In the end none of the solutions worked to our satisfaction. They still required laborious "mapping" of incoming values to specific, different template data fields depending on the purpose of the export.  We started anew, and built our web-based Data Vera application, which has now become the gold standard for data cleansing and loading for all our Pivot Point systems.

Thankfully, we recognized the benefit of licensing Data Vera independently, without the need to license the full scale Pivot Point transaction software. This decision allowed us to open Data Vera to licensees whose transaction systems were just fine but required accurate and complete data to run them.  That was a problem we were familiar with and Data Vera is designed to seamlessly integrate with other systems.

It wasn't too long until the other side of the data coin was brought to our attention. Almost sheepishly, we were asked if Data Vera could be used to cleanse risk information already possessed by a risk-bearer (and sometimes already written) prior to being sent to a modeler. The response to this request was easy --most emphatically -- yes.

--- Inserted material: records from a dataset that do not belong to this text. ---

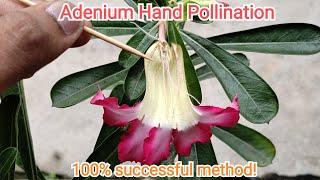 Adenium Hand Pollination  100% successful method   #adenium #handpollination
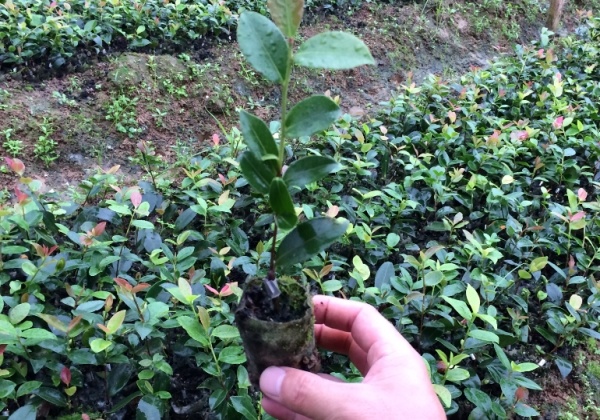 一年生輕基質(zhì)容器苗（小杯子）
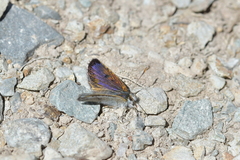 Lycaena caerulea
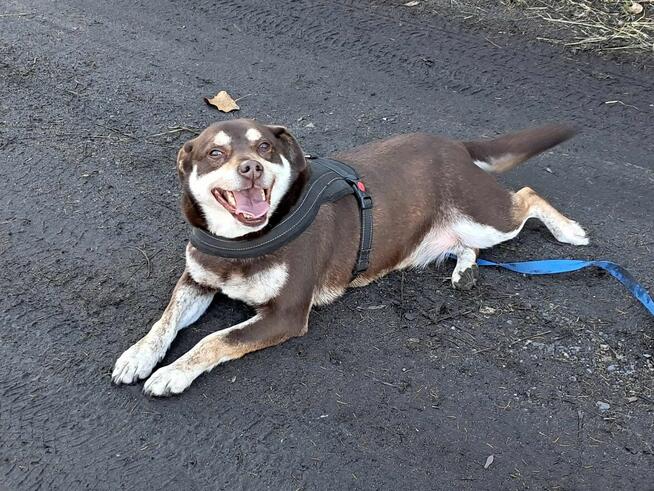 Pimpek potrzebuje cierpliwego i troskliwego opiekuna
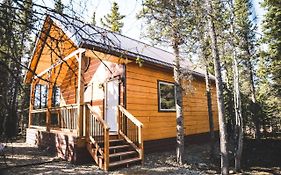 Denali Wild Stay - Redfox Cabin, Free Wifi, Private, Sleep 6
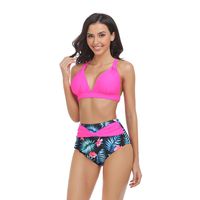 Women's Ditsy Floral Solid Color 2 Pieces Set Bikinis Swimwear main image 2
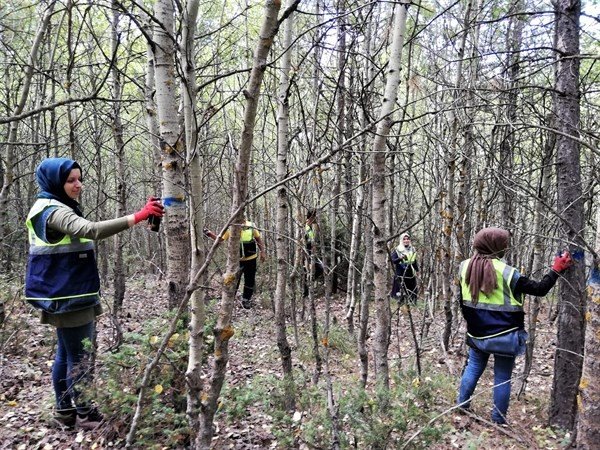 Ormanlarda gençleştirme çalışmaları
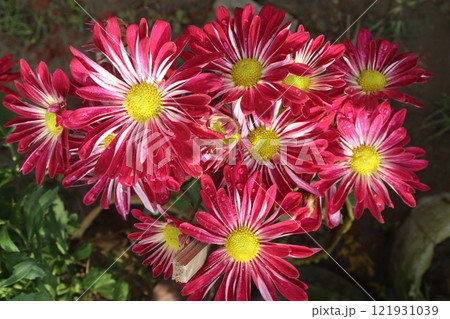 golden and red  chrysanthemum flower plant on farm 121931039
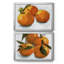 Citrus Grouping I - ensemble de 2 reproductions de cadres photo-1222083511-1222083506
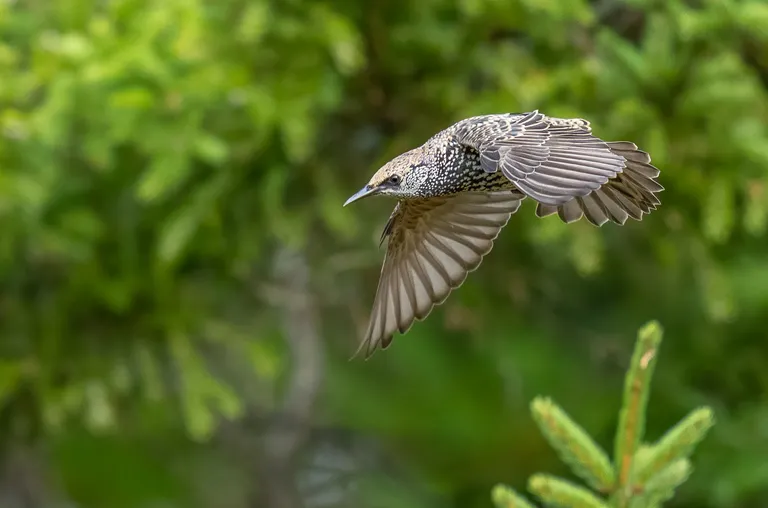European Starling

Once the incoming data is cleansed and converted to structured data by Data Vera it can be exported to any format or template very easily

Being at the center of the import of unclean data; watching and learning the preferred actions to clean and perfect such data; converting the unstructured data to structured data; and noting the export reports built by our clients, we began to recognize that we could bring even more value to Data Vera.

We've added an analytics section to Data Vera. Now the user can see graphically or tabularly; the composition of the incoming risks by immediately identifying risks lying outside chosen geographic or LOB "cap" metrics, coverage type or premium value and can contrast of the proposed new risks against existing aggregate coverage

We've also been able to expand the analytics portion to include comparison of imported data by modeler risk codes so that an underwriter can more easily inform the data sender of anomalies prior to modeling. Data Vera has an online collaboration feature that allows a licensee to bring anyone into the missing or questionable data field to correct it themselves. That correction, as well as the corrections auto-populated by Data Vera, and modeler responses to the exported data are maintained and tracked in the audit log.

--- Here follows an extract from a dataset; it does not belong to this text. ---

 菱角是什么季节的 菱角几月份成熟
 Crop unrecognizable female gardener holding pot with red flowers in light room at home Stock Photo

This digression about our Data Vera application is interesting (we hope) because of the current hue and cry about accurate data. Let's take a step back and look at this again from a different perspective and follow the data as it flows now.

We had been a little surprised that risk bearers who had already issued coverage were, after the fact, seeking to clean that data. We thought that by the time data reached the modelers that it would have to be in pretty good shape.  After all, the data intake requirement for these models is often enormous. What would be the sense of knowingly populating them with suspicious data?   

It was no surprise then to learn the modelers themselves have recognized that the quality of their output can be compromised by the use of poor data.  Corrupt data would naturally lead to a faulty model and resulting "she said, he said" arguments about --was it the fault of the data or the model --are discussions no one wants to have. Modelers have responded and have deep relationships with data scrubbing operations to prepare and cleanse data for use in their models.  The service isn't cheap, and accurate data entry requires continuous interaction with insurer staff, but insurers have little choice if they want an accurate model based on accurate numbers.

So where does this end?  We noticed this article citing the work done by Future of Humanity Institute at the University of Oxford in a study commissioned by Amlin. If you've seen the movie "The Big Short" you'll have a head start in understanding Amlin's concerns which motivated the study. The basic idea is since there is a concentration of insurance and reinsurance industry modeling with only a handful of modelers how would that work if even one of the underlying assumptions shared by all of them are proven wrong?  The answer is that it wouldn't work too well at all.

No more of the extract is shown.